しかし、そのことがことさら話題になっていないことを考えると、死んでしまった人の墓は暴かないのがマナーと日本人は思っているようでもある。
安倍元総理が射殺されて数ヶ月が経つが、犯人が捕まった当初、動機がまだ明らかになっていなかったため、岸田総理は、「これは、民主主義を守る戦い」であるというスタンスを取っていた。
しかし、犯人のバックグラウンドが次第に明かされるにつれ、そのトーンは消えていった。
そして、犯人の動機が、個人的な家族の宗教問題にあったことと、安倍元総理自身がその宗教団体と関係を持っていたことがわかると、この事件が「何に対する戦い」にすればよいのか自民党はよくわからなくなり、また、事件の究明をするはずの自民党の党員自身が創価学会とズブズブな関係にあったことで、今回の事件の総括は遅々として進んでいないように見える。

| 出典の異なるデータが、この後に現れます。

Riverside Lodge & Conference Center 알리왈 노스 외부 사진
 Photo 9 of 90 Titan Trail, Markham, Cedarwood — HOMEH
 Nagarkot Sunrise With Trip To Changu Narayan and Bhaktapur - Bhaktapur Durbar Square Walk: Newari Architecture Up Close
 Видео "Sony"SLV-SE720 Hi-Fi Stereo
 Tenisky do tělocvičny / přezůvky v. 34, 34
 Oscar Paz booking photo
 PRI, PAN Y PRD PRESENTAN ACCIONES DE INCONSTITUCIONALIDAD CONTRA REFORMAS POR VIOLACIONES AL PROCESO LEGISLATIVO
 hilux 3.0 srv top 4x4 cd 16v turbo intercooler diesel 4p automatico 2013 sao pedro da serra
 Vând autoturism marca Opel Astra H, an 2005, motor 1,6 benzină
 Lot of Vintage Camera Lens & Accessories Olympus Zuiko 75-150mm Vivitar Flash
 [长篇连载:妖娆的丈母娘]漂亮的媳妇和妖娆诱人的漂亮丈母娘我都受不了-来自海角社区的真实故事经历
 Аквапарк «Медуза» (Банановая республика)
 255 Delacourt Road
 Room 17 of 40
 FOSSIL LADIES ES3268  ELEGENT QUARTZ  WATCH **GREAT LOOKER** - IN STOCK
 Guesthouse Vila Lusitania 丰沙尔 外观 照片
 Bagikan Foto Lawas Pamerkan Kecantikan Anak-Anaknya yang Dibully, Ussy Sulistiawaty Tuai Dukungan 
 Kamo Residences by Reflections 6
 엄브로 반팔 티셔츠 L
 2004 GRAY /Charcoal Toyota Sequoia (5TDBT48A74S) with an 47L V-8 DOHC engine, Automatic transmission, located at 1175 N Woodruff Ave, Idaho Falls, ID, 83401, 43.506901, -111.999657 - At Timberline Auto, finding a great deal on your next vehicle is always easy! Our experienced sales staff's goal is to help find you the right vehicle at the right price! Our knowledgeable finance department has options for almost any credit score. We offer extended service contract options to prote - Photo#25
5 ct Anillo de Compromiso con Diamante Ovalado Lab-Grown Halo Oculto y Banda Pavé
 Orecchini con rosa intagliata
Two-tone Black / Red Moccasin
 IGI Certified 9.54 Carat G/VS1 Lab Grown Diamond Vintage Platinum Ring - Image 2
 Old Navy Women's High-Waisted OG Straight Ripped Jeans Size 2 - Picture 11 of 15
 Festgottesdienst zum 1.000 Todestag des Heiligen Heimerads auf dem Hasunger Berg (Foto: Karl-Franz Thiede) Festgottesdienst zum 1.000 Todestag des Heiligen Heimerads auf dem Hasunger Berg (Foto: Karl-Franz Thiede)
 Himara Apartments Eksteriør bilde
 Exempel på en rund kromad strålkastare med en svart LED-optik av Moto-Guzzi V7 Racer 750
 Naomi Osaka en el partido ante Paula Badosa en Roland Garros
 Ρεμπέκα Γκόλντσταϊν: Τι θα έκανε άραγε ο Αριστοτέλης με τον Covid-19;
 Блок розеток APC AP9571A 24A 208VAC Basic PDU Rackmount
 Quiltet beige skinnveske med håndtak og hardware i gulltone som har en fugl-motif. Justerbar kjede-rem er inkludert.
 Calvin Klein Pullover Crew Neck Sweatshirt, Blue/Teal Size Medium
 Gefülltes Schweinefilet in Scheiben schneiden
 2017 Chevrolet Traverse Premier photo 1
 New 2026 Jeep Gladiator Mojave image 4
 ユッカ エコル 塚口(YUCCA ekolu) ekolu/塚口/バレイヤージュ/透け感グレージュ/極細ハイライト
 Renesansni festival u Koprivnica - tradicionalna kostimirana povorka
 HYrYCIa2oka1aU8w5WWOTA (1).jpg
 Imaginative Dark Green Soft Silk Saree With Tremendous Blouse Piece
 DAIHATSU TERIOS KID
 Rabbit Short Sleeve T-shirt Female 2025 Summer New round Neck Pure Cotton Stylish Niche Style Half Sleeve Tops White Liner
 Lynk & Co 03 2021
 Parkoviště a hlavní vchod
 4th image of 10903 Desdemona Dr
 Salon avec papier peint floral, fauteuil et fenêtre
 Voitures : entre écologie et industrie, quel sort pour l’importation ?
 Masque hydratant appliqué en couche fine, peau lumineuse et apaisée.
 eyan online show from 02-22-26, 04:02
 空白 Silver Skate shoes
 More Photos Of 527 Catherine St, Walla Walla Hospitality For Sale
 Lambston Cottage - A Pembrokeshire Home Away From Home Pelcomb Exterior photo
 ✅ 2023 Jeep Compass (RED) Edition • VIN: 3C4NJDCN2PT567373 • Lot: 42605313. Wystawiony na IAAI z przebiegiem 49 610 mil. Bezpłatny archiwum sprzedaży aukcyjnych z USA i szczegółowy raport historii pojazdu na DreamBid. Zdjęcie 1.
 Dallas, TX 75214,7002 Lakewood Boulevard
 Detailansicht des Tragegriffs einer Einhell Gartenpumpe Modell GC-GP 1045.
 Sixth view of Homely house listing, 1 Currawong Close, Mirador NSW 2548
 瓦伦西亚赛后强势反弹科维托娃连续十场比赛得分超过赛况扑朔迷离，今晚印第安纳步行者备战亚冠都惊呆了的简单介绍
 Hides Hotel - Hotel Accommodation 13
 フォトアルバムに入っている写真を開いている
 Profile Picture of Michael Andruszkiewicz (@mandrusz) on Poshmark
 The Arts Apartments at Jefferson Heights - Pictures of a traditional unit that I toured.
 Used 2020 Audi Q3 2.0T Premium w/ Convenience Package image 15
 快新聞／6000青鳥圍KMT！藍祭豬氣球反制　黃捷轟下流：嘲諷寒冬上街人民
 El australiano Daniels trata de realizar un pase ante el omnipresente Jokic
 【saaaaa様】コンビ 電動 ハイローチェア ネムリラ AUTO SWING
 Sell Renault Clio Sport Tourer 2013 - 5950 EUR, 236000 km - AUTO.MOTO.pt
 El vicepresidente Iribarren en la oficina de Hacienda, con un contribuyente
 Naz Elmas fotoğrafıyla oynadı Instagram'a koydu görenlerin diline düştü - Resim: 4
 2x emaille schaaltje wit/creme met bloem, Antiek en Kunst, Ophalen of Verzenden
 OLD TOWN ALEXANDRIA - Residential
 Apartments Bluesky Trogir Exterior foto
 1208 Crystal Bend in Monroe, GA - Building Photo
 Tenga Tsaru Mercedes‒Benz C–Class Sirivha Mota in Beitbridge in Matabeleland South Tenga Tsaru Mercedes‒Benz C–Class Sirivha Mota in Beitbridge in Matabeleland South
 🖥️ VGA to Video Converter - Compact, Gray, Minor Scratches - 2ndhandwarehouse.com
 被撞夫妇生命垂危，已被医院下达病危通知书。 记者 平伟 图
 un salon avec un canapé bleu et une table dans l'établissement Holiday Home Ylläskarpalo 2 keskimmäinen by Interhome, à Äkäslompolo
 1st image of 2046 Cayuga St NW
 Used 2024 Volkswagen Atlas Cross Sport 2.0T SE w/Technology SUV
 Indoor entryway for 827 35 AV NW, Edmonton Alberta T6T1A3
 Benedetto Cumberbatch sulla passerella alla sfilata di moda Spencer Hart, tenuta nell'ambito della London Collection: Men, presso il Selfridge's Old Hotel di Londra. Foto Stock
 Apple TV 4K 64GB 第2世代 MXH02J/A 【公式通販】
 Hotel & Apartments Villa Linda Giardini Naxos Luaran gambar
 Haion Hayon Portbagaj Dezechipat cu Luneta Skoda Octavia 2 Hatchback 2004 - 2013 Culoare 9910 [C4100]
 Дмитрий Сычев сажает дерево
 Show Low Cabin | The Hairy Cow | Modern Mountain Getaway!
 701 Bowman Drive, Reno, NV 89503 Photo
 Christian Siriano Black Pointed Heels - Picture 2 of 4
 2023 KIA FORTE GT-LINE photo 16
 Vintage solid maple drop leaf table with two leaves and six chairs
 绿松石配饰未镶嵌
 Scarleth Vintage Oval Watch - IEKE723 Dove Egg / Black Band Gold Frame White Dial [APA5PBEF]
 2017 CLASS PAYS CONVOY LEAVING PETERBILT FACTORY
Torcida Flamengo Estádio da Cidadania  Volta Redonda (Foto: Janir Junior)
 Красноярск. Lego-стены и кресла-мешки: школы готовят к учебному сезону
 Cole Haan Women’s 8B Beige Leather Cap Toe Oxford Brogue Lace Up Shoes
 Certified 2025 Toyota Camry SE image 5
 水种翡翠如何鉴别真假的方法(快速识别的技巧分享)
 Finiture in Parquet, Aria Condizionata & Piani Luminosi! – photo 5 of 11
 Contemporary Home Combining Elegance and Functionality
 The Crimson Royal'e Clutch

ただ、表向きは、今回の事件は、私怨によって起こされた不幸な事件でした。
今後は、これまで見逃してきたカルト宗教と政治の関係を粛清します。
という「総括」で終わらされていくようだ。
凶弾に倒れた安倍元総理の「弔い方」で揉めているが、自分たちのリーダーの死に対する「総括」をこのような形で済ませようとする姿を見ると、あぁ、日本にもう「保守」はいないのだなと思う。
「保守」と「革新」は、「主意主義」と「主知主義」という言葉で区別して説明されることがある。
革新は、頭でこしらえた「理想」に邁進するが、保守は、従来の伝統や習慣を大事にする。
革新は、理知的に判断した善し悪し(「知」)を重視するが、保守は、体で感じる善し悪し(「意や情」)を優先する。
革新は「これからの価値観」に重きを置くが、保守は、体感的な「これまでの価値観」に目を向ける。
そうした「意」や「情」を大事にするのが保守派であり、だからこそ、彼らは、中国や韓国に対して強靭な姿勢を取った安倍元総理を応援したし、「アメリカを再び偉大な国にする」と豪語したトランプ元大統領を支持した。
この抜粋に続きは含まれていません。